Records provided:
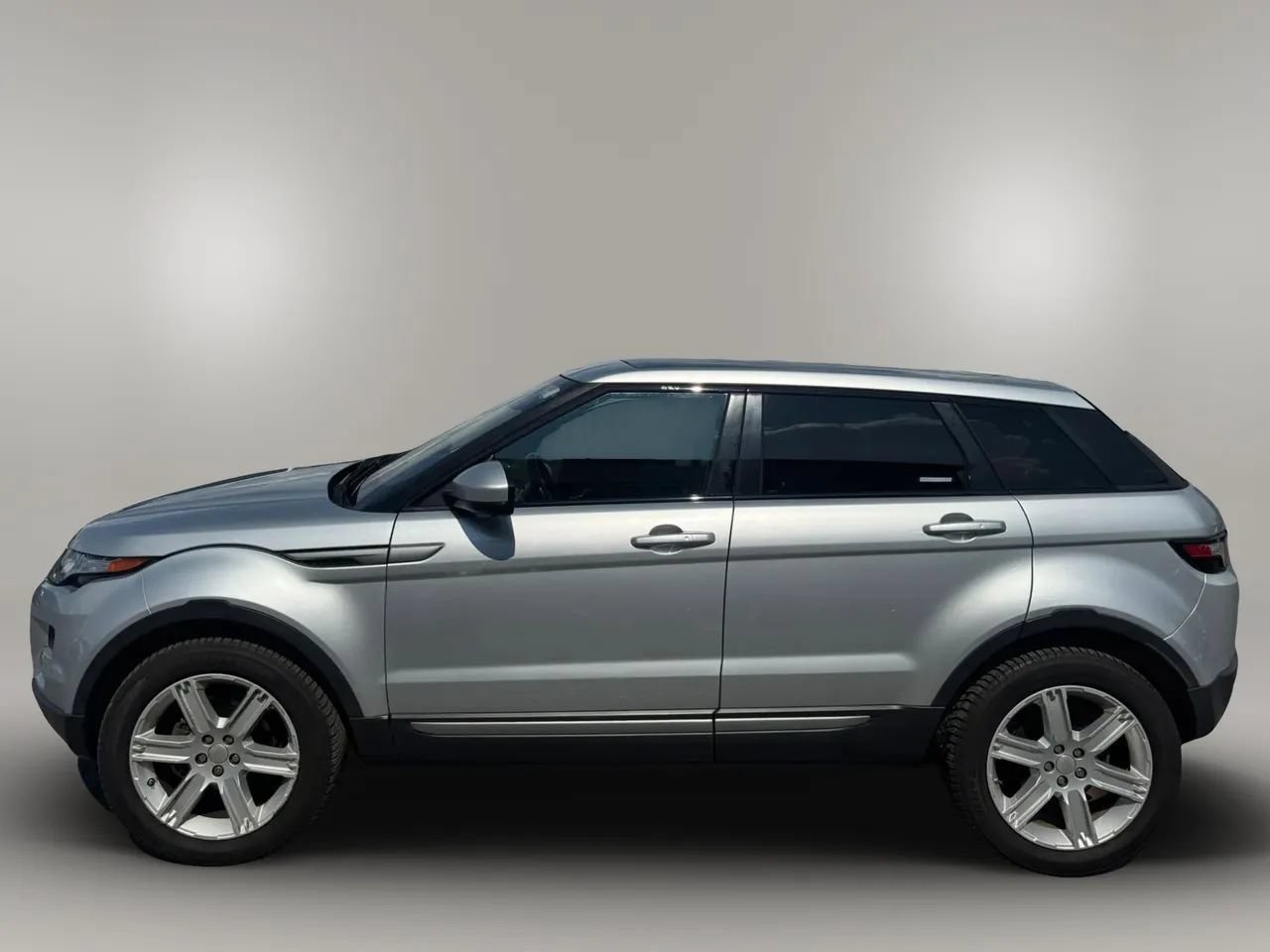 Used 2015 Land Rover Range Rover Evoque Pure Premium AWD/4WD image 5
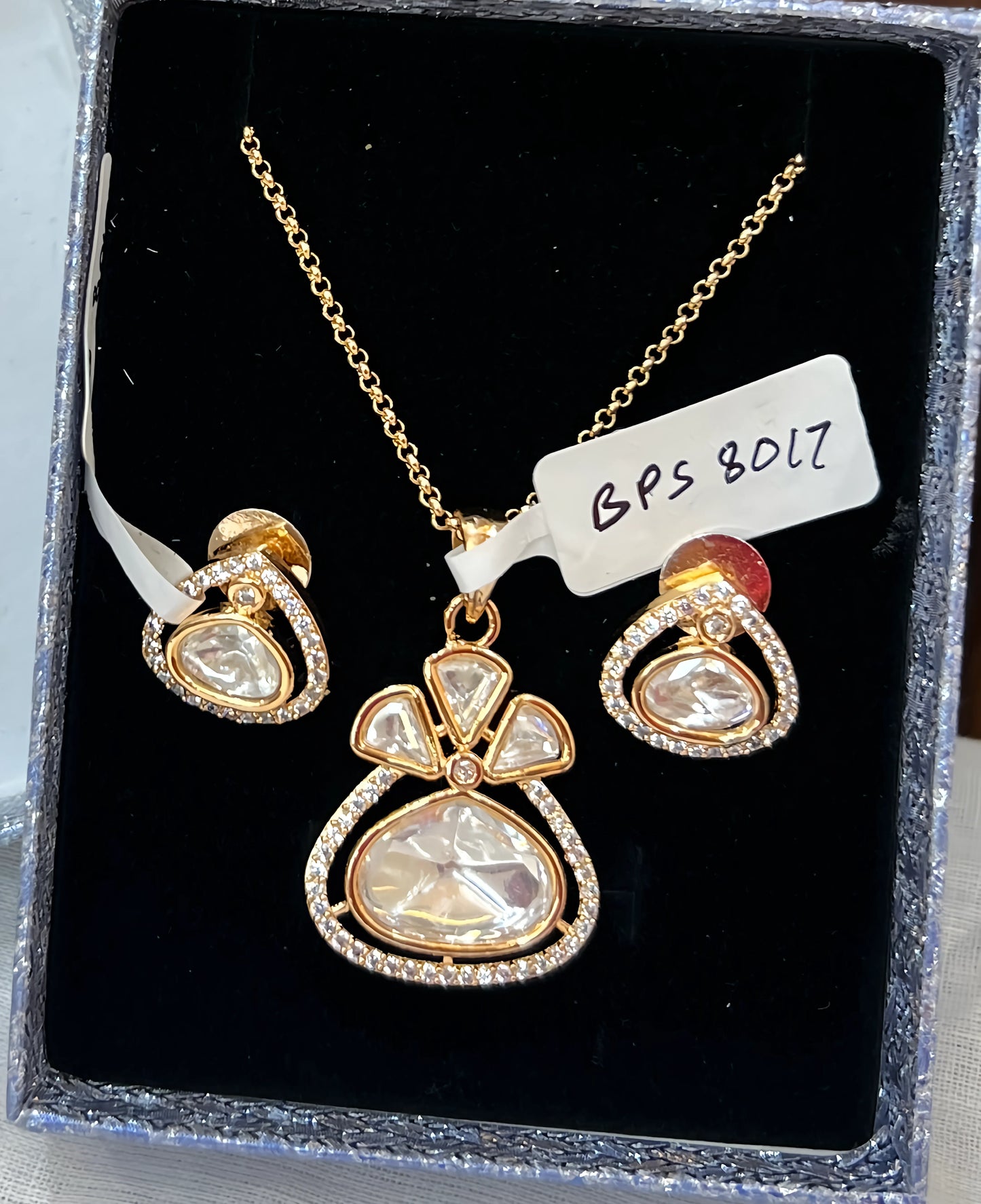 Crystal Glow Pendant Set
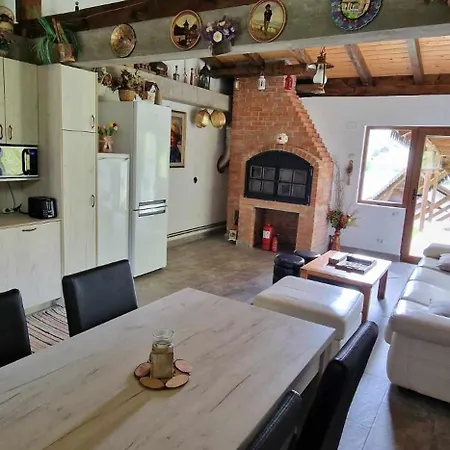 Casa Bella Vadu Moţilor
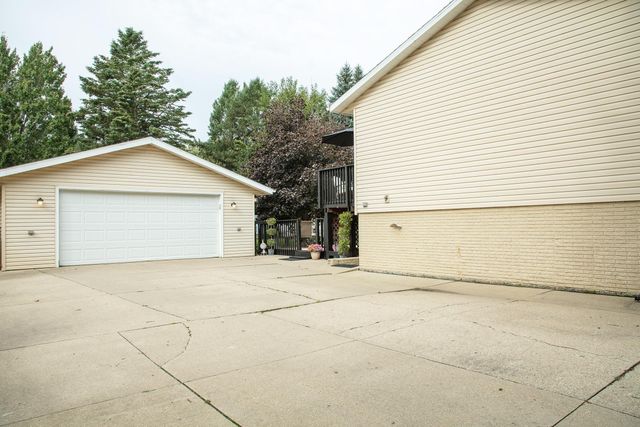 4760 Edgebrook Drive, Waterloo, IA 50701
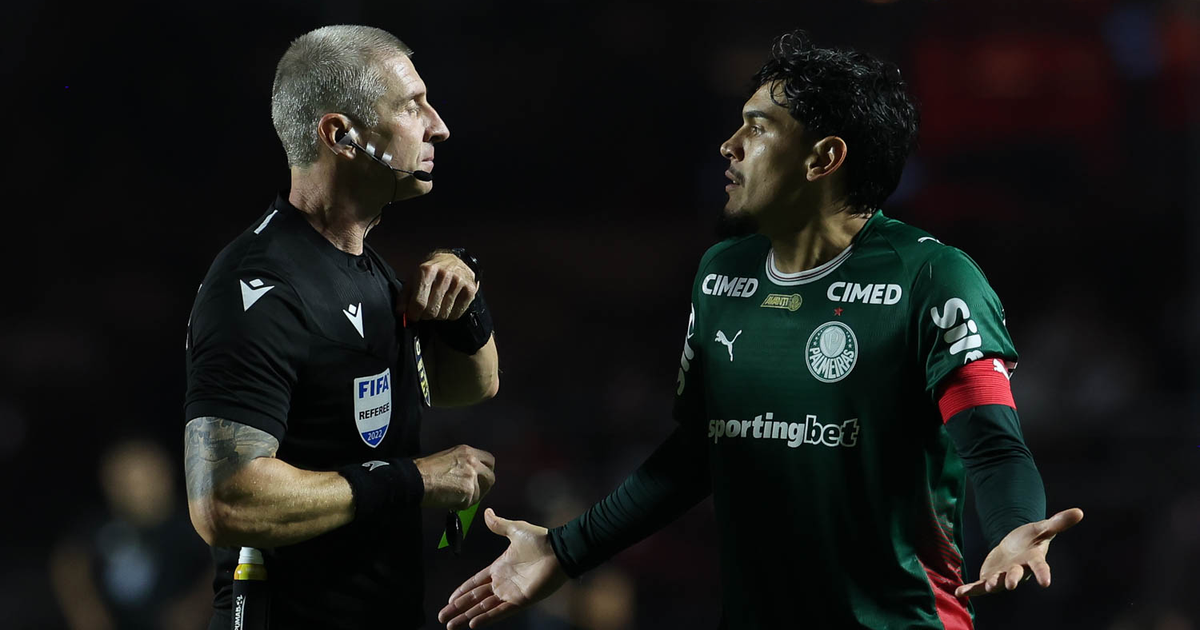 Gustavo Gómez Reflete sobre o Comportamento no Futebol Após Vitória em Clássico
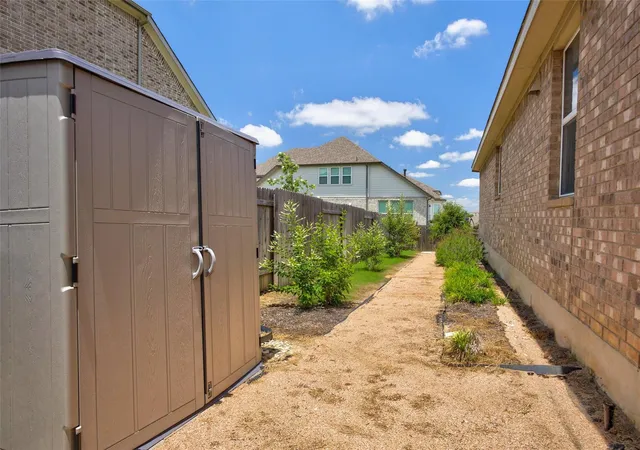 40th image of 127 Eagle Mountain Trl, Dripping Springs, TX 78620 | MLS# 4497401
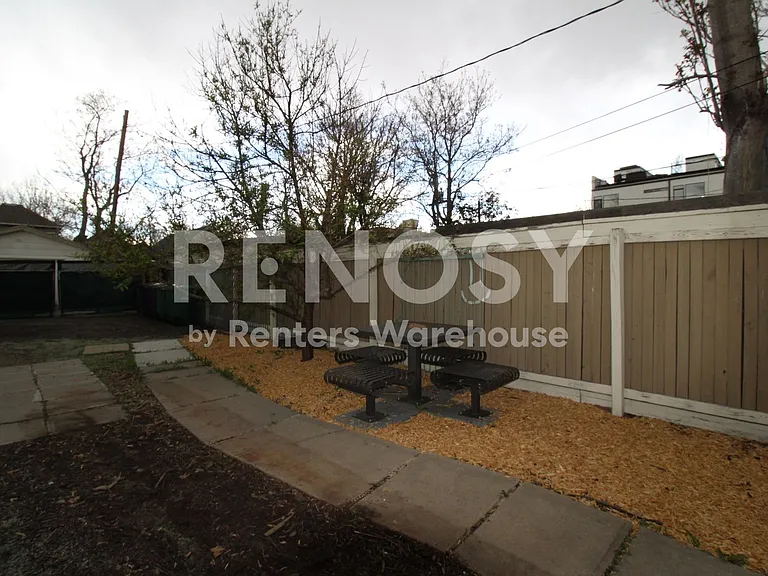 2828 Stout St — Photo 11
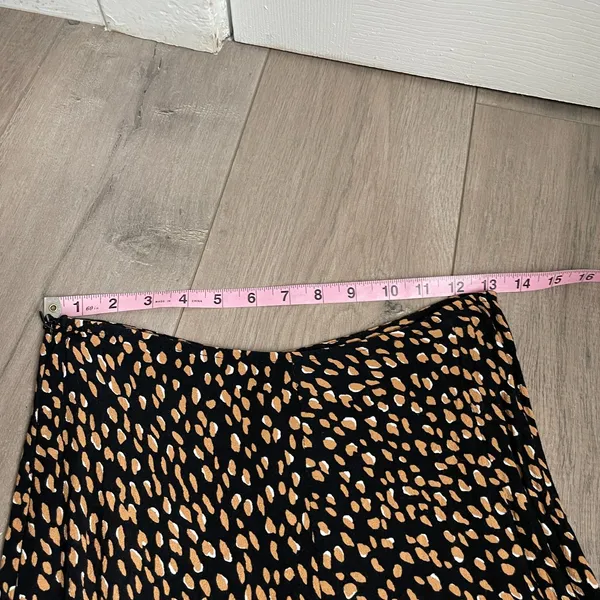 Zara Cheetah leopard animal print midi skirt size M womens - Image 5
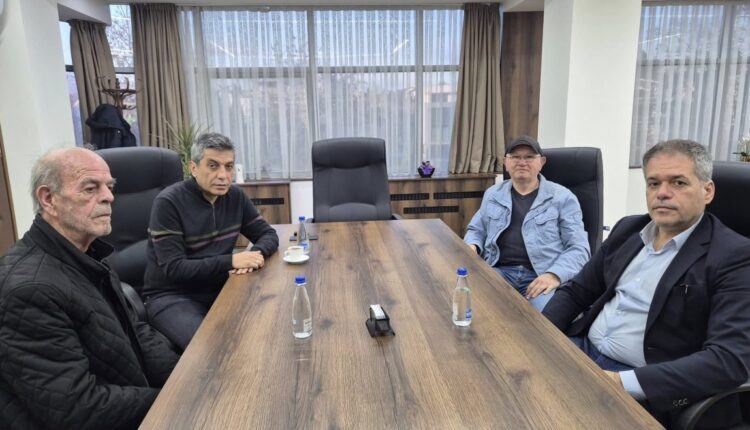 Izet Mexhiti takon babain e dëshmorit Mujdin Aliu: Sakrifica e tij është themeli mbi të cilin ndërtojmë të ardhmen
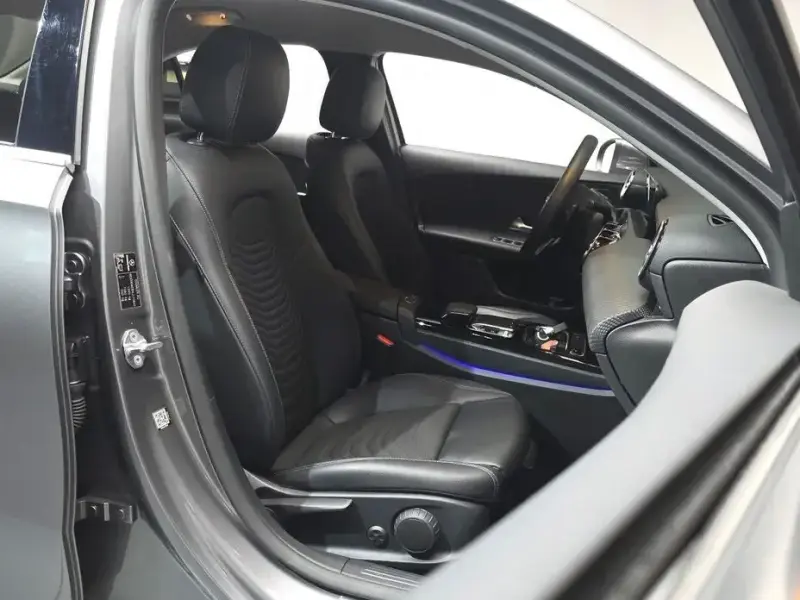 2020 Mercedes-Benz A-Класс с пробегом 42 368 км
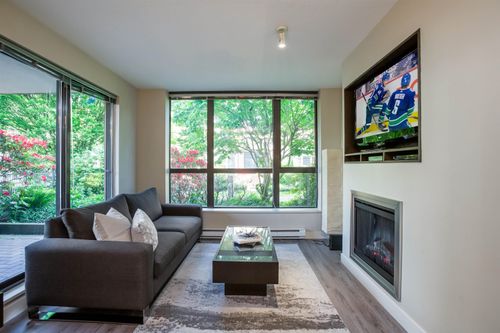 511-rochester-avenue-coquitlam-west-coquitlam-06 at 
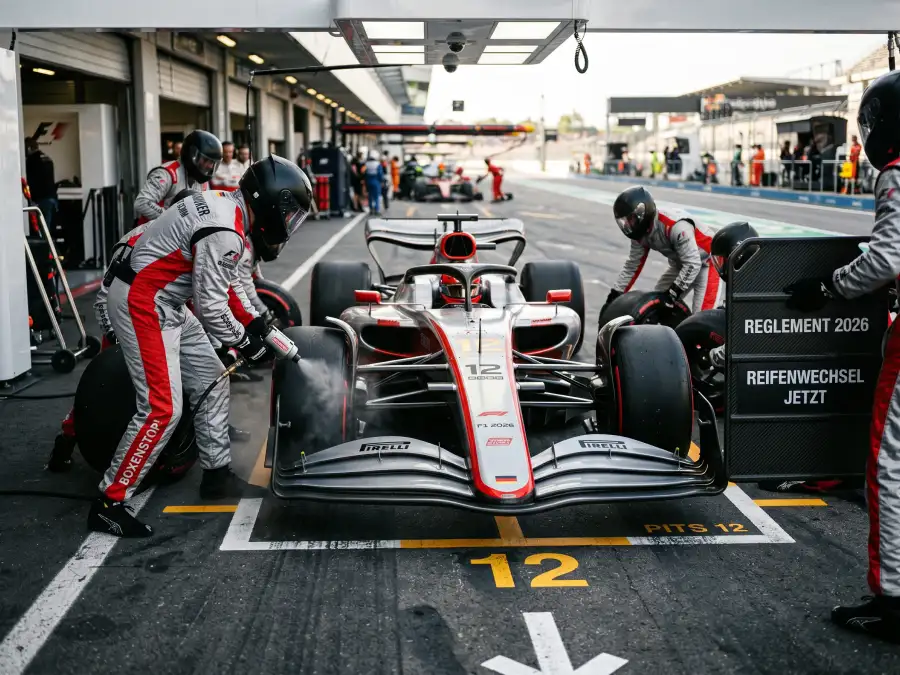 Formel-1-Rennwagen der Saison 2026 beim Boxenstopp mit Mechanikern in Rennoveralls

Problem statement:
Restate word for word each line from the one containing "Casa Bella Vadu Moţilor" through the end of the material, pictures excluded.

Task result:
 Casa Bella Vadu Moţilor
 4760 Edgebrook Drive, Waterloo, IA 50701
 Gustavo Gómez Reflete sobre o Comportamento no Futebol Após Vitória em Clássico
 40th image of 127 Eagle Mountain Trl, Dripping Springs, TX 78620 | MLS# 4497401
 2828 Stout St — Photo 11
 Zara Cheetah leopard animal print midi skirt size M womens - Image 5
 Izet Mexhiti takon babain e dëshmorit Mujdin Aliu: Sakrifica e tij është themeli mbi të cilin ndërtojmë të ardhmen
 2020 Mercedes-Benz A-Класс с пробегом 42 368 км
 511-rochester-avenue-coquitlam-west-coquitlam-06 at 
 Formel-1-Rennwagen der Saison 2026 beim Boxenstopp mit Mechanikern in Rennoveralls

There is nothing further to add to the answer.